• _INPUT DATA_:
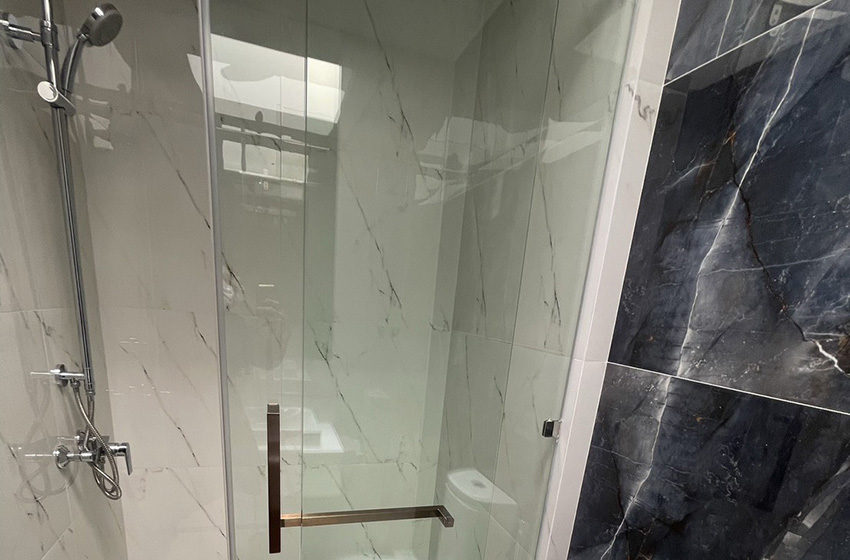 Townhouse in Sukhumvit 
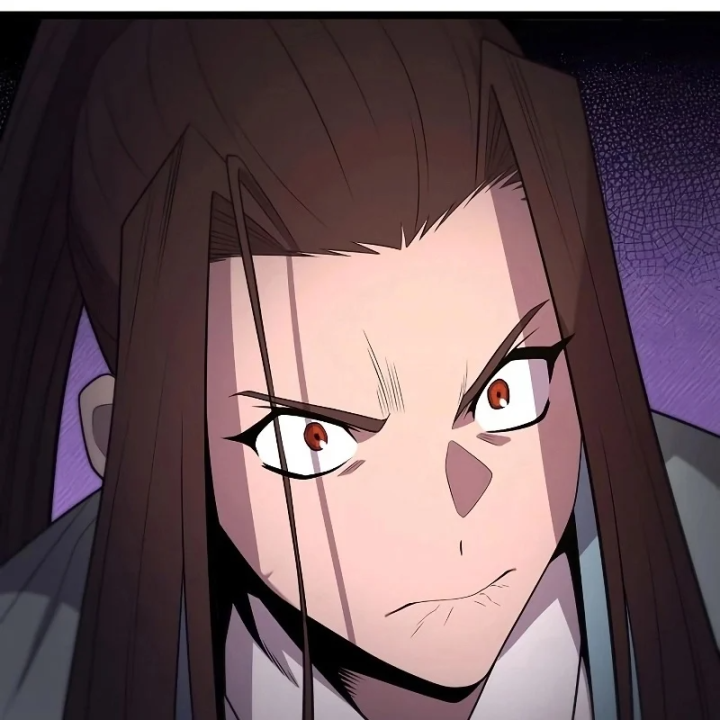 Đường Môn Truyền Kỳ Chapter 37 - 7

...

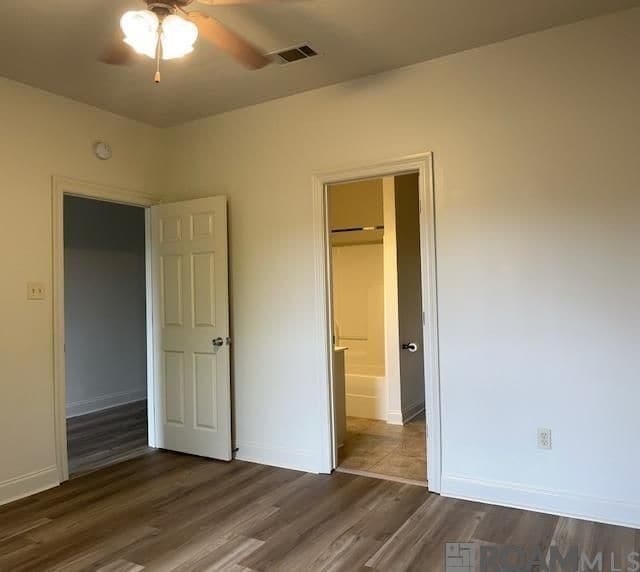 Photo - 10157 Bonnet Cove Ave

• _WHAT IS BEING ASKED_:
In the listing above, find the line with "Townhouse in Sukhumvit" and output every line through the one with "Đường Môn Truyền Kỳ Chapter 37 - 7", exactly, without the pictures.

• _TASK RESULT_:
 Townhouse in Sukhumvit 
 Đường Môn Truyền Kỳ Chapter 37 - 7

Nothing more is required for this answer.